With deaths due to drugs at a record high in England, the Release report said Darlington Borough Council was the worst area in the country at providing the vital medicine.

There were four opiate-related overdose deaths registered in Darlington, and 1,829 across England, in 2017.

To help reduce such deaths most local authorities have take-home naloxone programmes for drug users to take home, typically without a prescription, to reverse the effects of overdose to those who need it.

Release said its research showed that Darlington council did not report giving take-home naloxone to anyone before it was surveyed – which it said was 'particularly shameful' given that naloxone is cheap to buy and has no potential to misuse.

Following Freedom of Information requests, Release found that 149 of 152 local authorities provided take-home naloxone.

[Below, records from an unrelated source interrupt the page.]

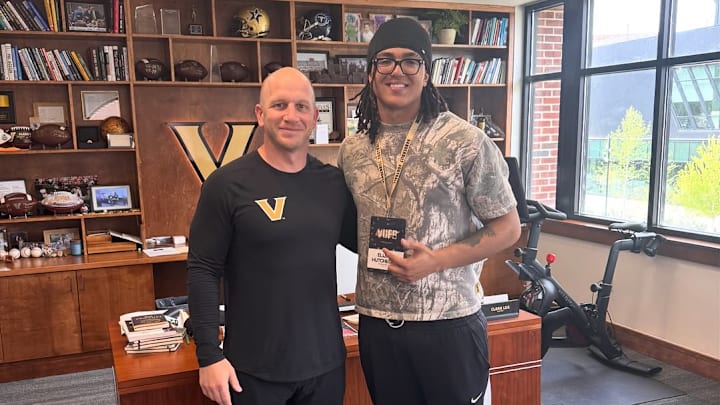 North Cross (VA) offensive tackle Elijah Hutcheson is announcing his commitment on Tuesday.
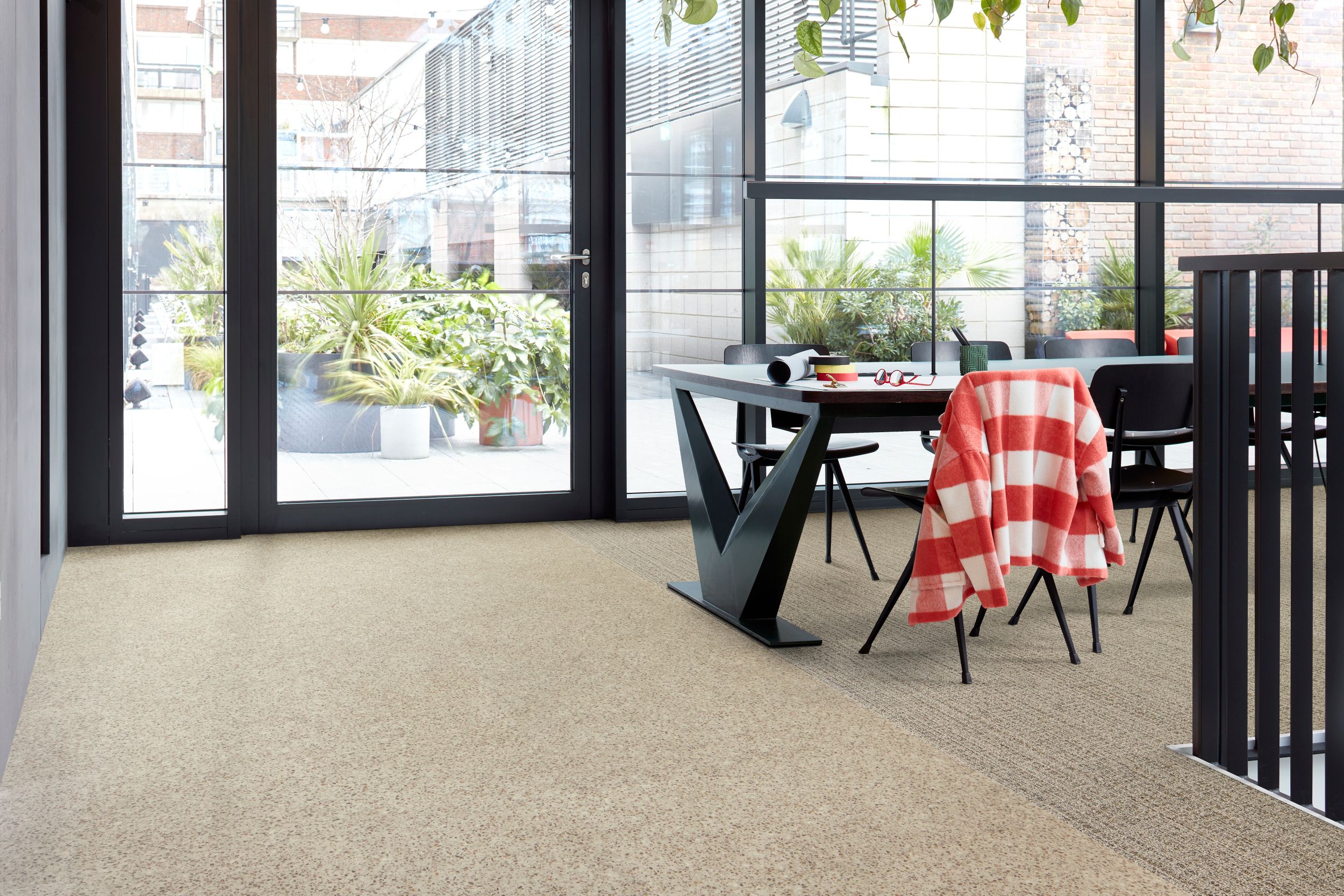 Interface In the Mix LVT with E616 plank carpet tile in workspace meeting area numéro d’image 7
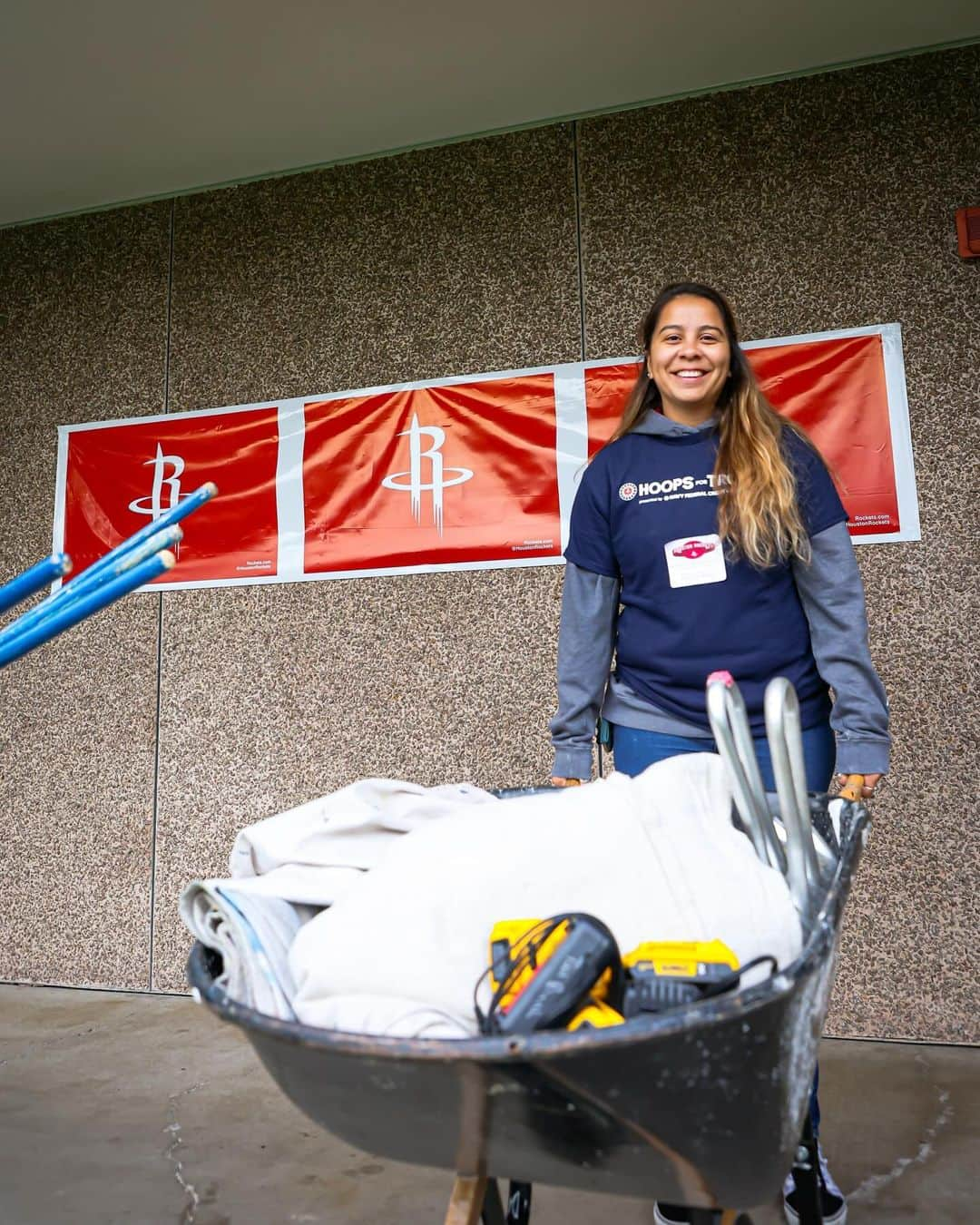 ヒューストン・ロケッツさんのインスタグラム写真 - (ヒューストン・ロケッツInstagram)「In partnership with @NavyFederal, the Houston Rockets partnered with local military organizations by renovating and restoring classrooms at the Blackshear Elementary campus and as part of #HoopsforTroops!  #RocketsGiveBack」11月15日 9時33分 - houstonrockets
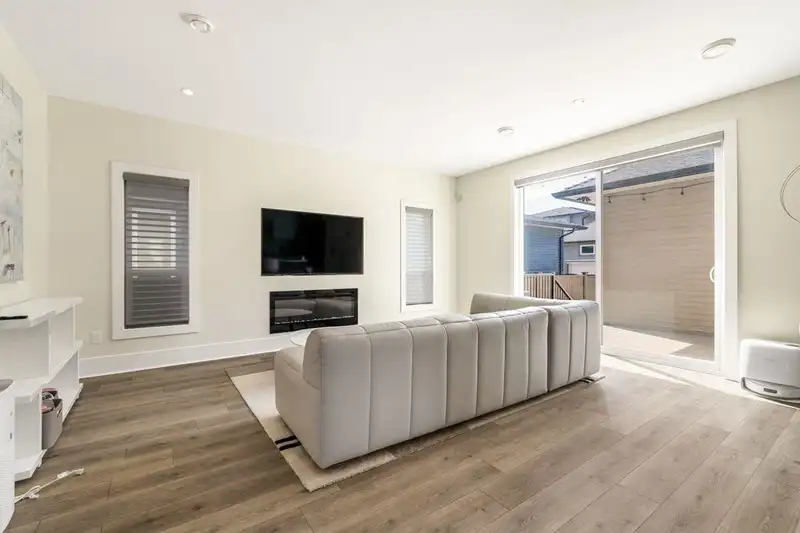 5466 MONCTON STREET - photo 3 of 19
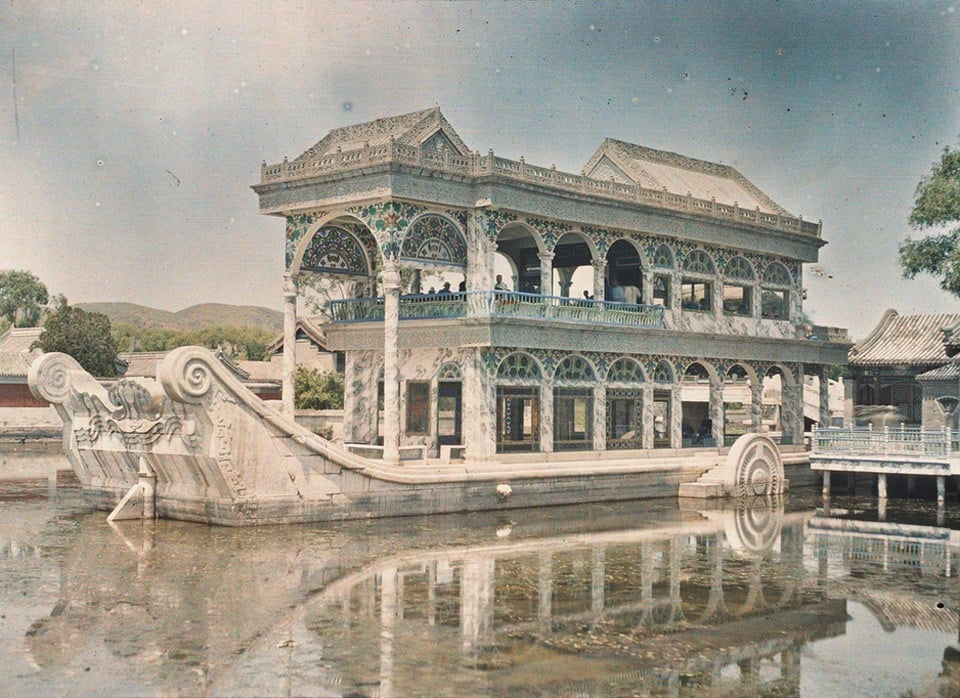 صورة لقارب (بيوريتي أند إيز) في بكين في الصين سنة 1912، التقطها المصور (ستيفان باسيه).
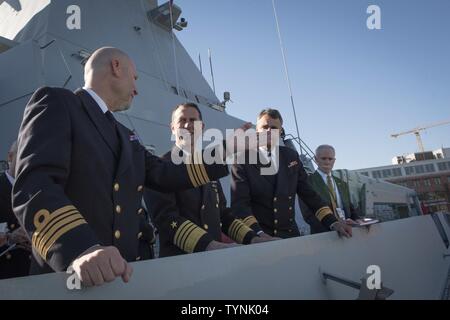 BALTIMORE (Nov. 18, 2016) Chef der Naval Operations (CNO) Adm. John Richardson besucht HDMS Peter Willemoes (F 362) der Royal Danish Navy und traf mit seinem dänischen Amtskollegen hinten Adm. Frank Trojahn, Leiter des militärischen Personals. Richardson überprüft Möglichkeiten des neuen Fregatte und diskutiert Möglichkeiten für eine engere Zusammenarbeit und Partnerschaften. Stockfoto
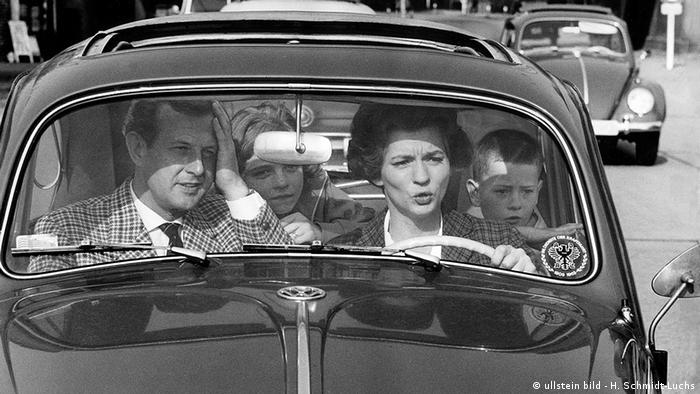 زنان آلمانی اجازه داشتند گواهینامه رانندگی بگیرند، اما شرط گرفتن آن داشتن اجازه شوهر بود. این شرایط با تصویب قانون برابری حقوق زنان و مردان در سال ۱۹۵۸ تغییر کرد. 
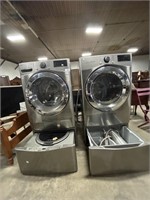 Exquisite LG Washer & Dryer.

The Government's drug strategy outlines that all local areas must have 'appropriate naloxone provision in place'.

Darlington was the only local authority in England which did not report having either a take-home naloxone programme – or any plans to implement one.

Zoe Carre, Policy Researcher at Release, stated: “There is a crisis of drug-related deaths in this country and many local authorities are failing to protect people from fatally overdosing on opioids, such as heroin.

"The amount of take-home naloxone given out nationally has been abysmally low.

"This life-saving medication is not reaching those who most need it.

“People who use drugs are an extremely stigmatised group in society, facing significant health risks which are exacerbated by the Government’s ideological abstinence-focused approach to drug use.

"If any other group of people were needlessly facing barriers to accessing a cheap and effective life-saving medication, there would be widespread public outrage.”

Miriam Davidson, Darlington Borough Council’s director of public health, said: “Naloxone is available to people in Darlington who need it. Our drugs treatment recovery service provider has a supply of naloxone that can be given out if they think someone is particularly at risk.

“We will be reviewing our substance misuse service later this year.

" As part of that, we will consider the provision of naloxone, along with all other aspects of the service.”